Material / technique: Wire, wood, fabric, chain of lights
Size: 70 x 125 x 65 cm
Catalog: Bischofberger S. 88
Creditline: Museum Tinguely, Basel, Donation Niki de Saint Phalle
Behind the pseudonym “Zig et Puce“ are the artists who participated in this installation: Bernhard Luginbühl, Niki de Saint Phalle, Jean Tinguely and Daniel Spoerri, and their assistants, including Seppi Imhof, Rico Weber and Paul Wiedmer.
With his “Cacadrome” Tinguely wanted to create a monumental country-fair-like installation for children and adults. The later title of the cultural station, which was designed to accompany the opening of the Centre Pompidou in Paris in 1977 and installed in the forum there, was “Crocrodrome“, making reference to the dragon-like figure. The jaws of the huge dragon head open and close in a slow rhythm. The serrations continue along the spine in the form of rods, wheels and neon lettering arranged by Jean Tinguely. Inside the structure is a haunted house amusement park ride. The rear section made of huge rusty metal plates and thick moving pipes was built by Bernhard Luginbühl. Between the creature’s legs – one of the hind legs is covered in chocolate – stands a later version of Tinguely’s “Ballet des pauvres“ and a gigantic pinball machine made by Bernhard Luginbühl out of rusty iron, which after the dismantling of the “Crocrodrome” was re-used in “Cyclop”. On one of the longer sides is a separate entrance through which the visitor reaches the sales kiosk “La boutique abérrante” and the “Musée sentimental”, a curiosity cabinet and fetish museum created by Daniel Spoerri.

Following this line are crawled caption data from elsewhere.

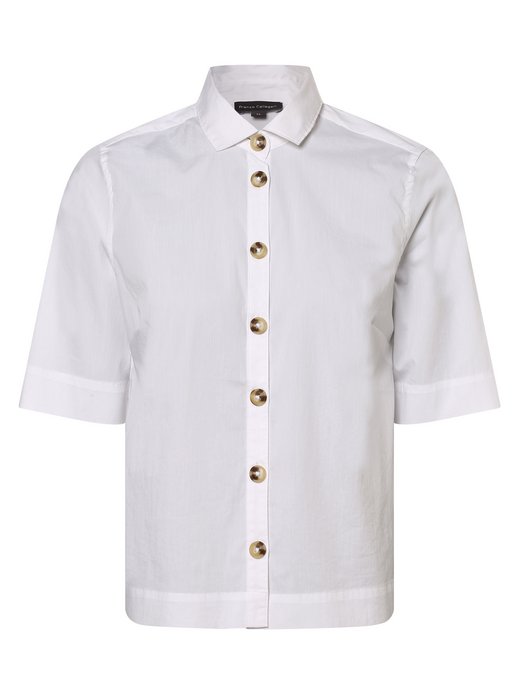 Damen Bluse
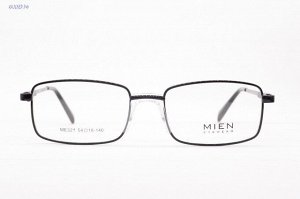 Оправа MIEN 321 H01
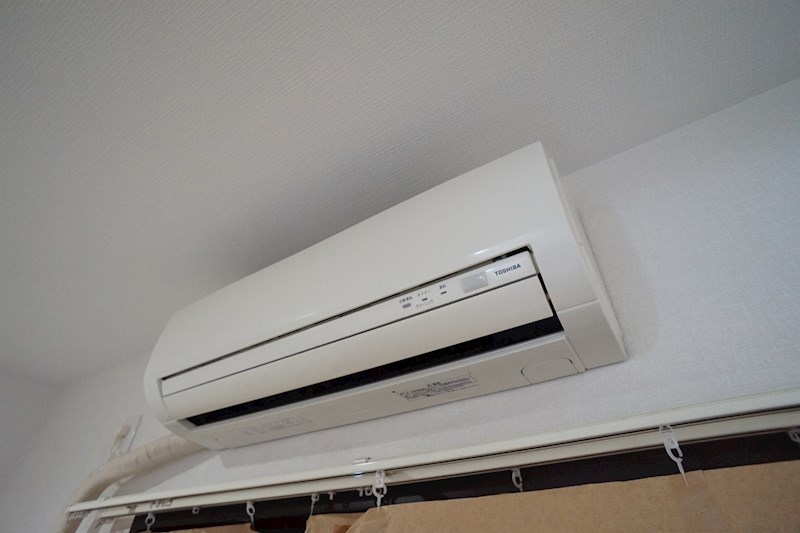 ＯＭマンション東生駒 その他5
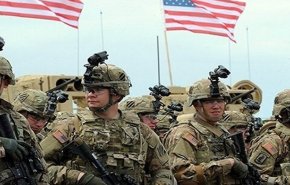 آمریکا مخالف توافق کردها با دولت سوریه است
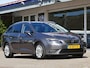 SEAT Leon ST 1.6 TDI Ecomotive Lease Sport | 100% onderhouden | navigatie | LED koplampen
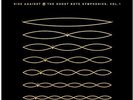 Rise Against - The Ghost Note Symphonies, Volume I [New Vinyl LP] Explicit, 180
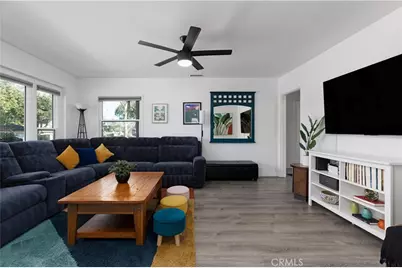 6222 Arbor Road, Lakewood, CA 90713 - Photo 3
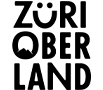 ZüRI OBERLAND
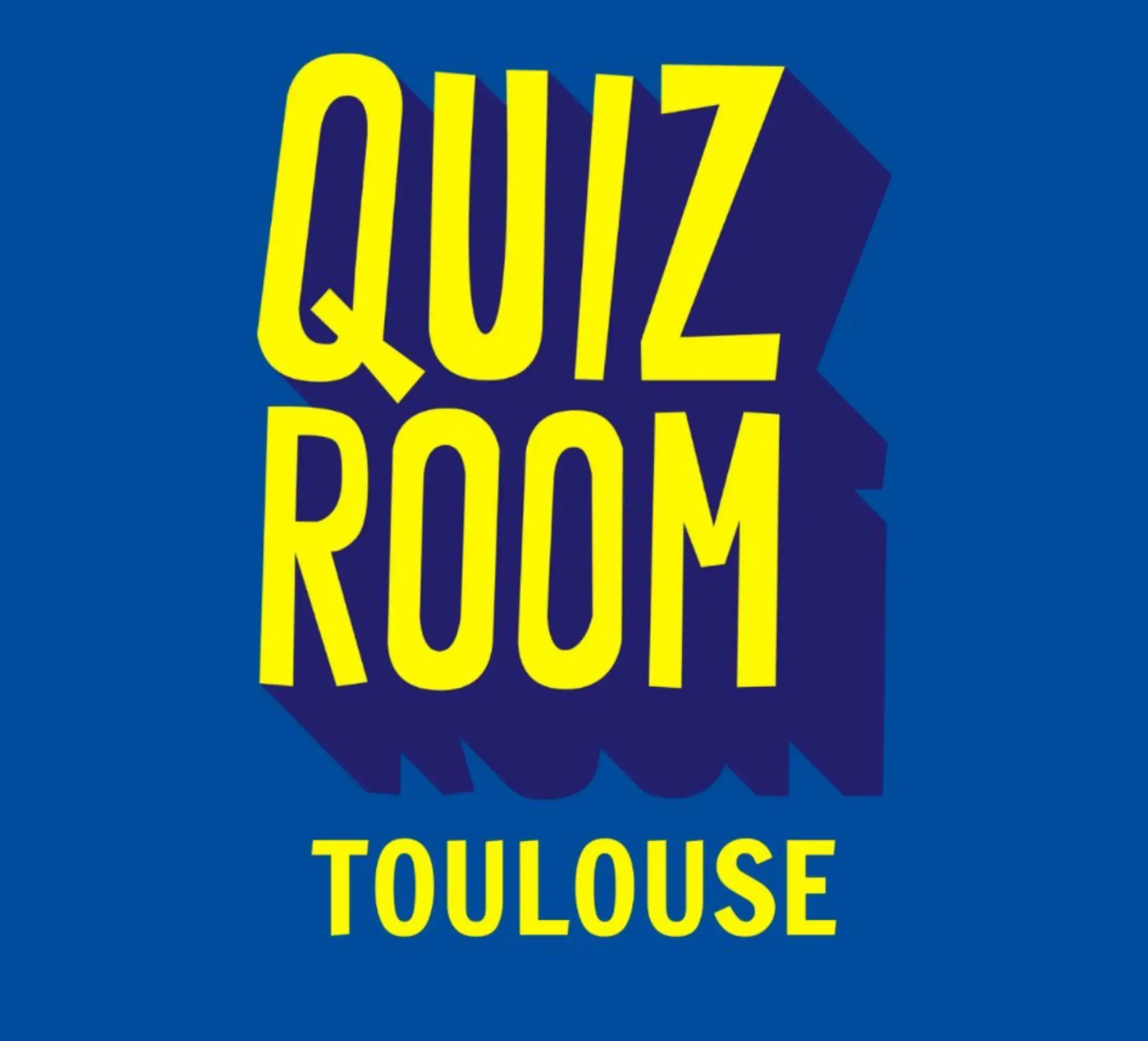 Quiz Room Toulouse - Toulouse (Haute-Garonne)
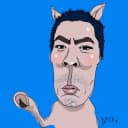 myuutuu profile picture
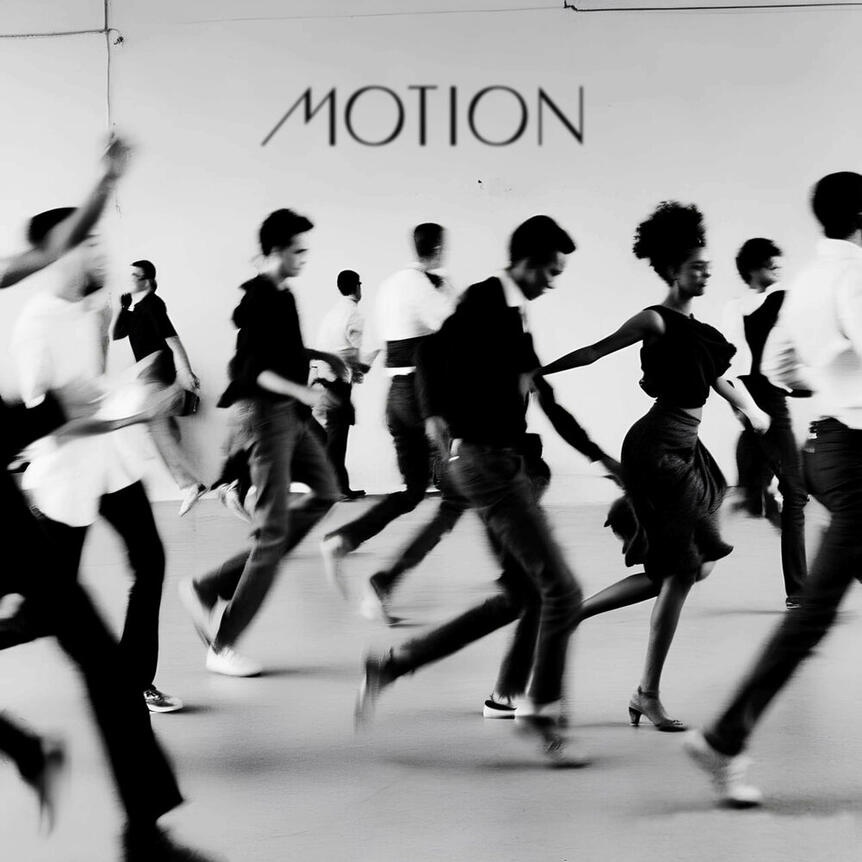 Motion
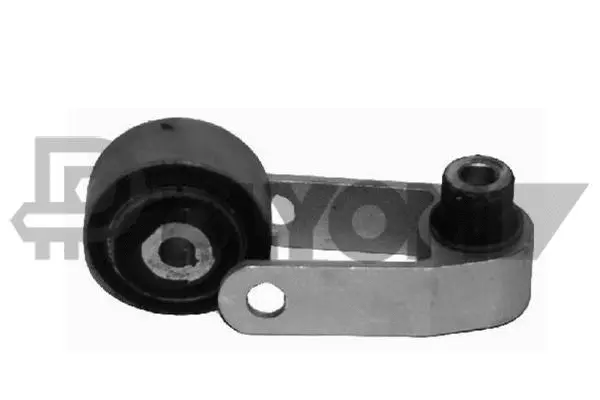 Mounting, engine (P021172)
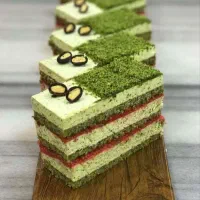 استخدام ویزیتور خانم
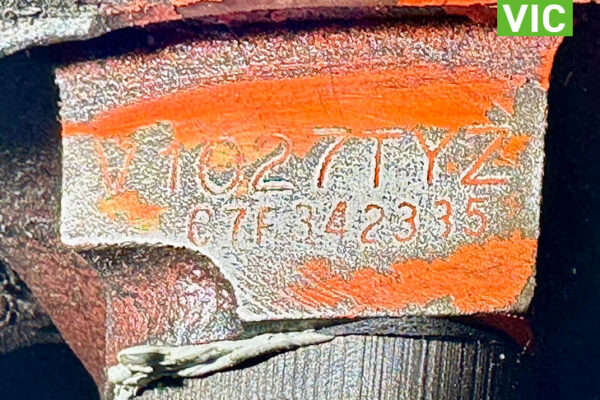 227-30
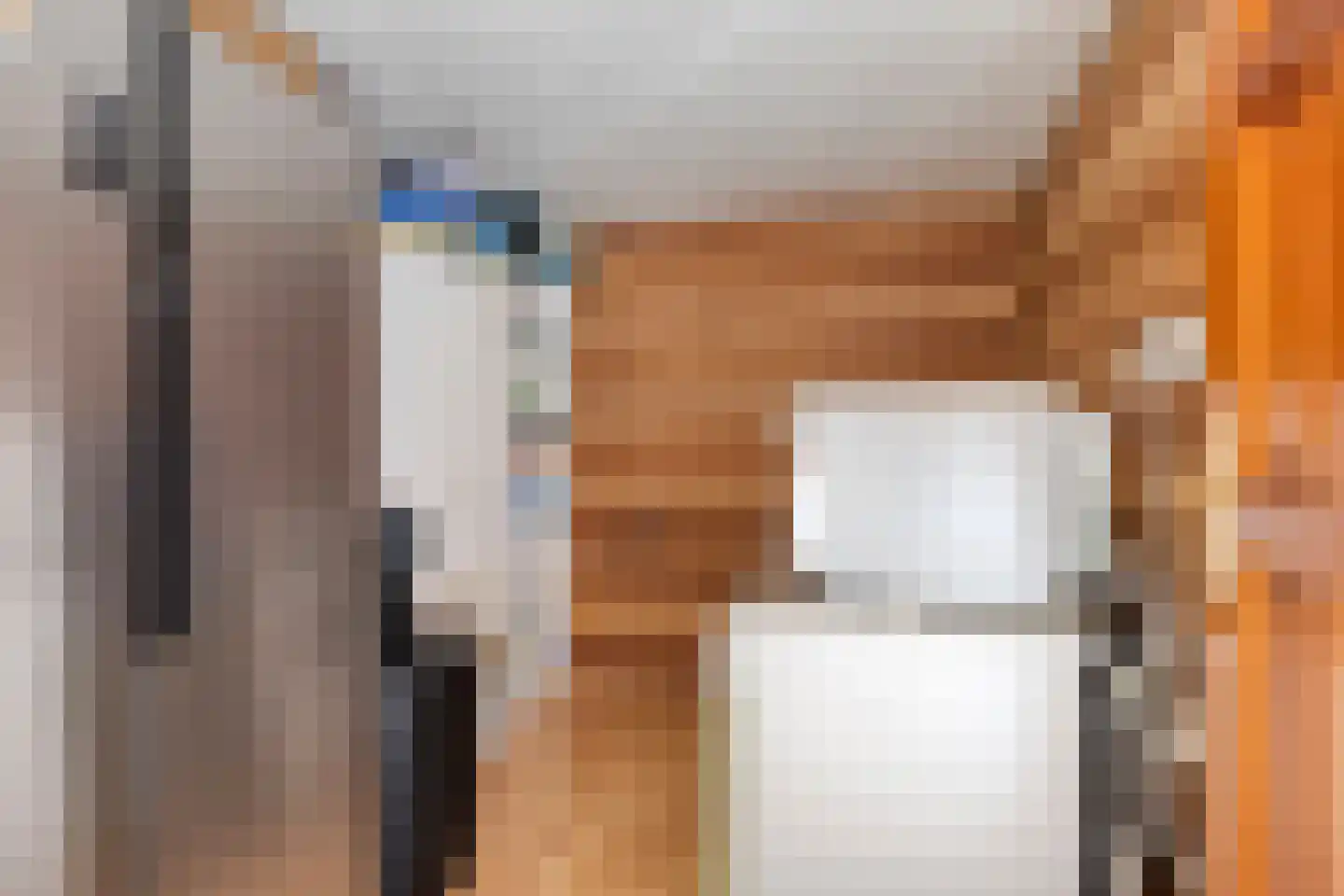 Arendhoek 15 Spijkenisse thumbnail 21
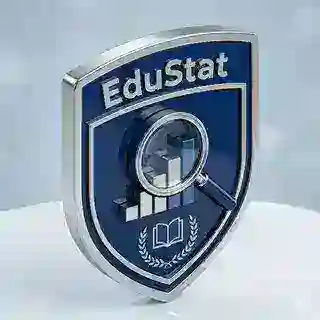 Edustat | Ta'lim reytingi-2025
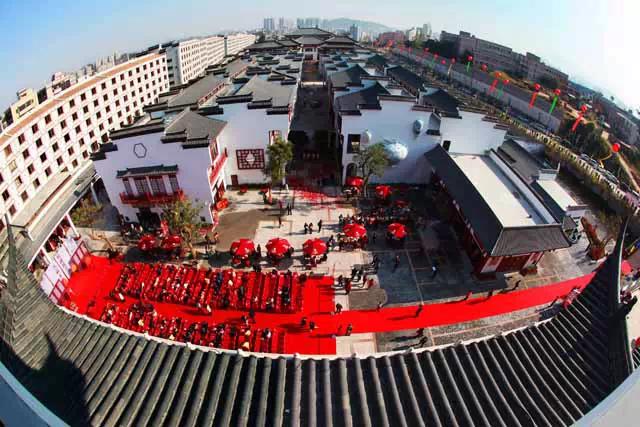 来深圳一定要去哪里逛逛,来深圳值得去的地方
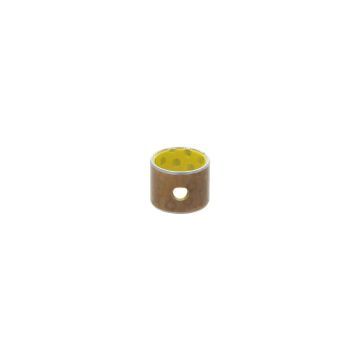 Bague Volant moteur Mitsubishi, KE55, KE70, KE75, Iseki TX-Types,  Bolens, Satoh, Suzue,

The artists began work on the “Crocrodrome“ in early March, but the final details were not completed by the time the museum opened on 1 June 1977. Instead, the artists continued to tinker with the piece, so that “Crocrodrome“ presented itself to the public as a work in progress up to the day of its destruction. An obituary was published to commemorate its dismantling, which took place in the night of 17 to 18 January 1978.